When it comes to programming, well... the case is quite similar. I just got really excited about printing stuff to the console and rendering stupid geometric shapes in the screen and I didn't need any extra motivation.
So, my point (and I think Spiro also says the same) is that you seem to be focused on the result, not the process. Looks like you want to learn game design because you want an awesome game to exist, not because you want to design games. If it's something that you actually enjoy, it should come naturally to you to do it. I bet you don't need any external motivation to play videogames, you just play them for the sake of playing them. And most of the people who is passionate about creating videogames creates them just for the sake of creating them. Thus, I think Spiro has a valid point when he says:
If you don’t answer in a way similar to these, it might be a hint that you should have a backup plan in mind.
To me, these questions you are asking are frankly bizarre. Motivation to do game design/development? Why would I not be motivated? If I needed help getting motivated, I’d pursue something else (whatever I don’t need help being motivated to do). It just seems bizarre to me that one would do anything that is not itself motivating.

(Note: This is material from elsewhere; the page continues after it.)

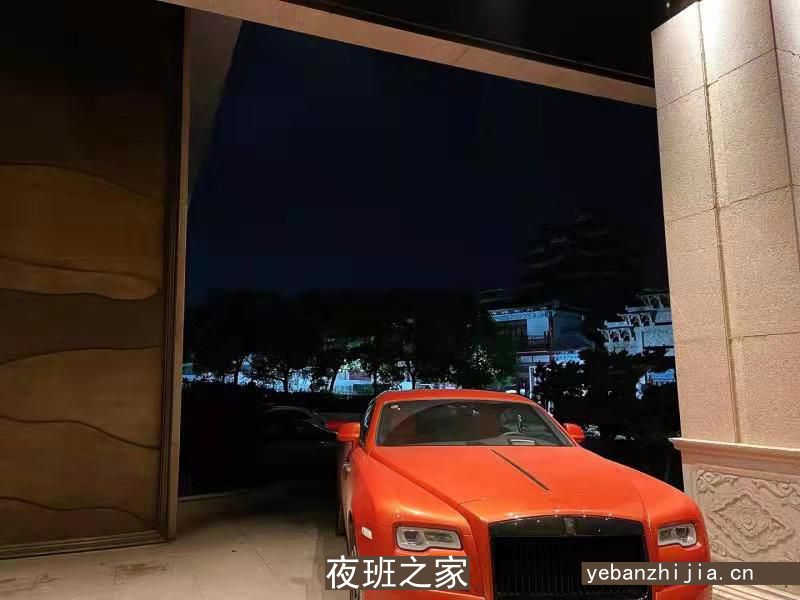 赣州更高场所招聘服务员一千起-努力成功道路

That being said, also has happened to me to feel unmotivated when I pursued a goal that was way too high for my current skills, but I felt motivated again when I gave up and went for a more achievable one. I have no idea of your current skill, but seems to me that you have little knowledge about game design and programming, so perhaps you should drop Unity and Unreal Engine by now and do some beginner tutorials with an easier tool (never used any of them because I've never been interested in designing video games that much, so I can't help you very much, but I think game maker has some good tutorials for beginners and is not that hard to use). And of course, most of the experience designing tabletop games can be used directly in designing videogames, so perhaps you should start making some pen and paper stuff, or "modding" settlers of catan .
Because we're talking about game design, not game programming nor creating game art, aren't we?